Sea Legend One and Luz Ora Residences are the closest comparators to Ayamore on product typology and Dubai Islands positioning. Cross-check each against Ayamore on entry price per sqm, handover date, payment plan flexibility, and developer delivery track record. These four variables determine whether Ayamore's fixed two-configuration structure is a transparency advantage or a flexibility constraint relative to projects offering tiered pricing across multiple unit types.
Capital Horizon Terraces offers a different product typology — buyers seeking additional living volume, terrace space, or a townhouse-style configuration should evaluate whether the per-sqm premium for that product is justified relative to Ayamore's sqm rate at scale.
All competing projects sit within the same Dubai Islands infrastructure ecosystem, which means location as a differentiator is largely neutralised across them. The decision comes down to developer credibility, specific orientation and view premium, verified construction progress, and payment plan terms. Transaction volume is one objective signal worth comparing: 74 registered deals against Ayamore provides a market absorption benchmark — check whether competing projects show higher or lower registered transaction counts at equivalent stages. The full Dubai Islands project landscape covers active supply in depth. Buyers still weighing an off-plan commitment against a ready purchase should review off-plan vs ready before reserving. All currently tracked launches are listed under Dubai Islands projects.

The project is structured around 129.97 sqm and 218.51 sqm configurations at single price points — AED 2.54M and AED 4.09M respectively. Uniform headline pricing is typical of boutique off-plan launches where the developer sets a standardised release rate rather than tiering floor-by-floor premiums at launch. It means buyers cannot access a lower per-sqm rate by selecting a less desirable floor. However, the observed pricing ceiling of AED 25,562 per sqm — well above the base rate of AED 18,718–19,540 — confirms that orientation and view premiums are applied at certain units, so the uniformity is partial rather than absolute. Buyers should ask the agent to specify exactly which units are priced at the upper band before signing.
A sub-3% schedule lag falls within the tolerance range that RERA's monitoring system typically absorbs without enforcement action. On its own it is not a red flag, but it is a live variable — the risk materialises if the lag compounds on successive quarterly RERA updates. Buyers should request the current RERA construction certificate and compare the verified completion percentage against the milestone schedule in the sale and purchase agreement. UAE Law No. 8 of 2007 gates escrow withdrawals to verified milestones, which structurally limits the risk of funds being deployed ahead of progress. If the lag is holding steady or narrowing, Q1 2027 delivery is plausible. A widening trend on the next update is the moment to reassess selection position.

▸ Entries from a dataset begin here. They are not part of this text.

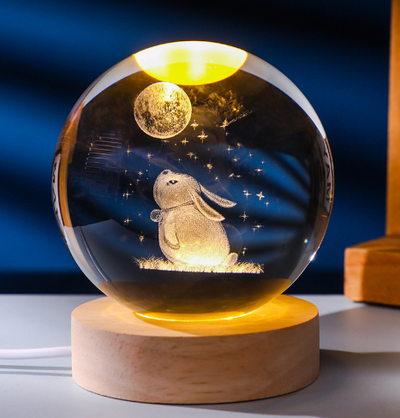 Crystal ball with rabbit and moon design on a wooden base against a dark blue background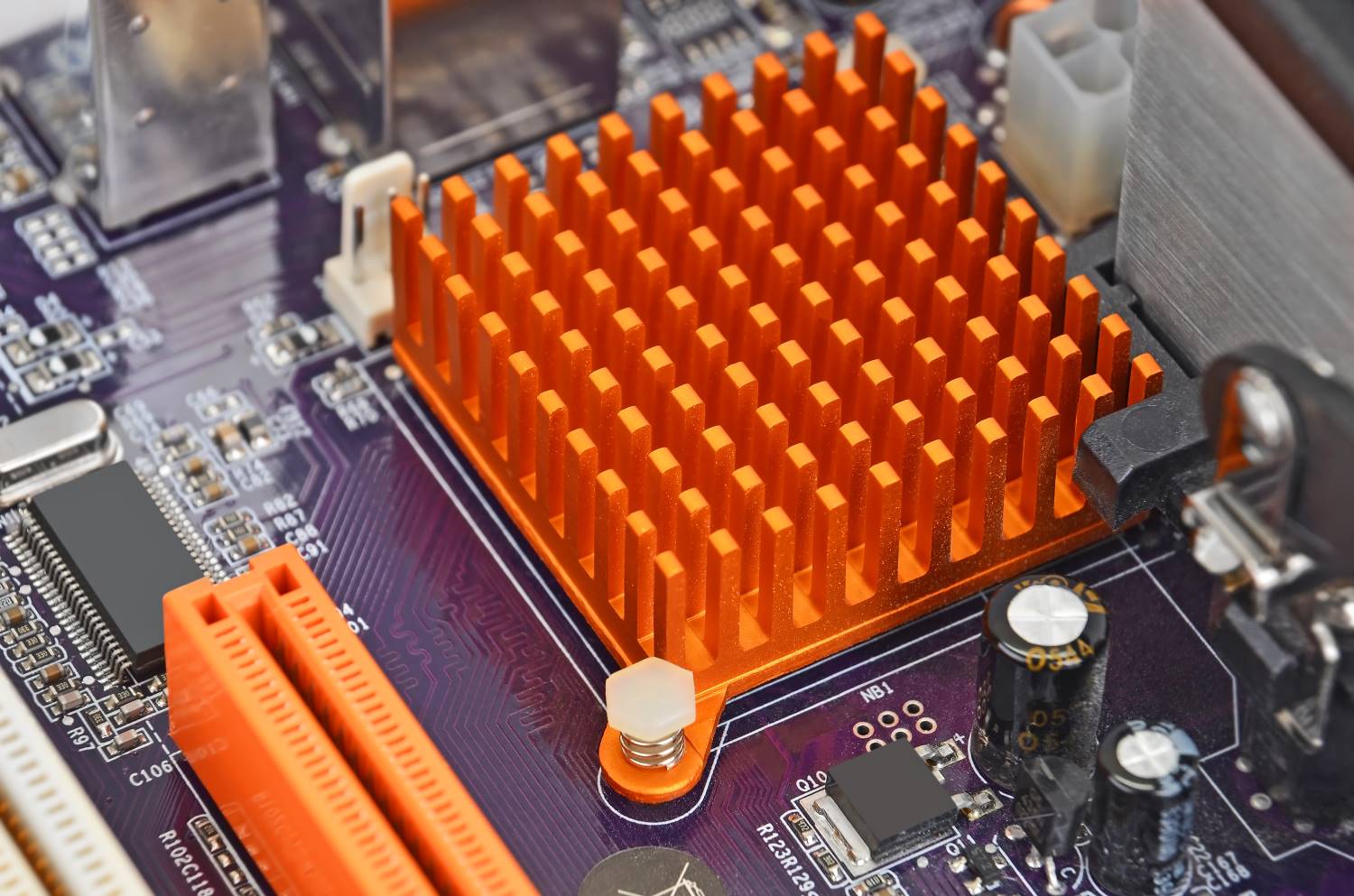 Orange_Printed_Computer_Motherboard_Closeup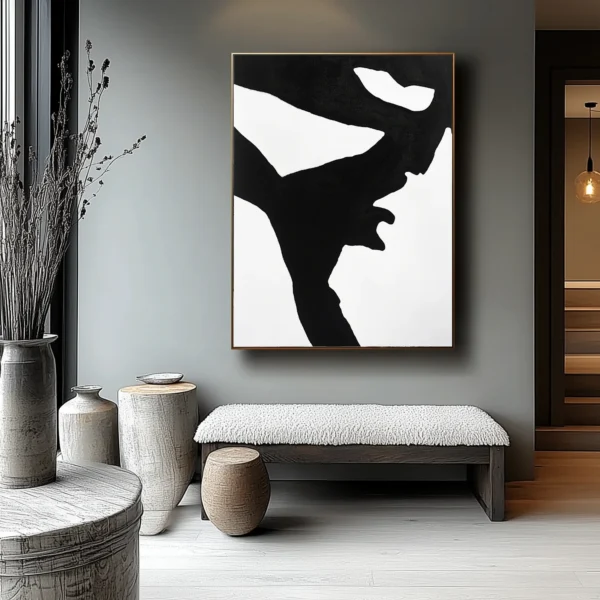 Abstract black geometric human profile silhouette with angular contours against pure white background. No text or discernible details present. Minimalist monochromatic composition.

At AED 18,718–25,562 per sqm, Ayamore occupies the middle band of Dubai Islands supply. Branded residences tied to hotel operators on the islands — Address Hotels and Riu anchor the premium end — command AED 30,000+ per sqm. Non-branded boutique launches on less prime orientations have entered at AED 15,000–18,000 per sqm. Ayamore's rate implies a waterfront or near-waterfront positioning without the branded-residence cost premium, which is a credible value argument if the project delivers on location quality at handover. Buyers must also model total acquisition cost: the 5% buyer-side fee adds AED 127,000 on the entry unit, and the 4% DLD transfer fee adds another AED 101,600, bringing the all-in cost on the AED 2.54M unit to approximately AED 2.92M before financing.